Этот недостаток в средствах преследует изо дня в день, ощущается чуть ли не каждую минуту. 24 июня 1870 года Милий пишет Стасову. Здесь - всё та же "Алёна", великая княгиня Елена Павловна, всё то же безденежье, которое преследует не только его, но и сказывается на подготовке каждого концерта. "…Я совсем падал духом. Вы же воскресили меня, взявшись поправить это дело; и мне вчера еще хотелось сказать Вам, что я Вам благодарен бесконечно, какие бы ни были результаты Ваших хлопот. Неудача теперь мне не так страшна, потому что я ожил". Один раз так "ожить" было можно. Но если эта мука, эти "стесненные обстоятельства" становятся неизбывным состоянием?

С общедоступными концертами Бесплатной школы - неудача за неудачей. То не хватает средств на последнее выступление, то играть невозможно, потому что здание Михайловского манежа находится в плачевном состоянии ("концерт в манеже может состояться лишь после отбития штукатурки на потолке в тех местах, где имеются трещины").
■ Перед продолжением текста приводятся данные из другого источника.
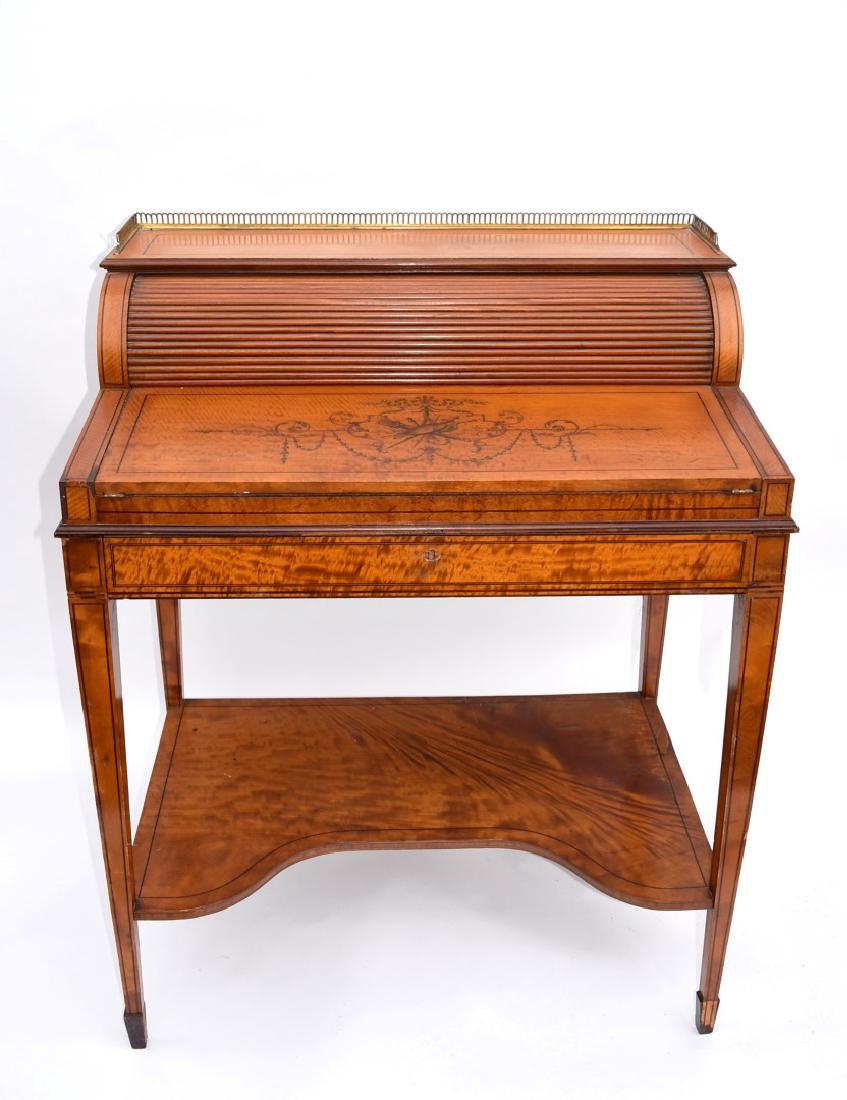 French Marquetry Inlaid Ladies Desk: Marquetry inlaid and veneered satinwood ladies desk. One(1) drawer and cylinder roll top opens to reveal fitted interior. Embossed leather insert. Brass gallery top. Lower shelf; 37in.H. x 29in.W. x 1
Друзья хотят поддержать его. 31 мая 1870 года, в воскресенье, под неясным предлогом Людмила Ивановна ведет Милия Алексеевича в здание Думы. На лестнице их встретил взрыв аплодисментов. Балакирев немного растерян:

- Да это, кажется, сюрприз?

- Виновата, Милий, теперь уже Ваше дело, идите…

Милия чествовали в зале Городской думы: вручили адрес, серебряный венок. И слова были сказаны самые нужные: "Несмотря на ограниченность средств Школы, несмотря на очень хорошо известные всем нам действия враждебной нам партии, не раз находившие себе выражение и в печати, Ваши редкие музыкальные способности и громадная энергия вывели Школу на тот национальный, самостоятельный путь, который составляет истинную задачу нашей Школы, и поставили ее, без всякого сравнения, выше остальных петербургских музыкальных учреждений".

Балакирев тронут. Ответная речь его коротка, но искренна. Но разве могло это доброе внимание спасти от нужды? Каждый творческий взлет оплачен горестными неудачами.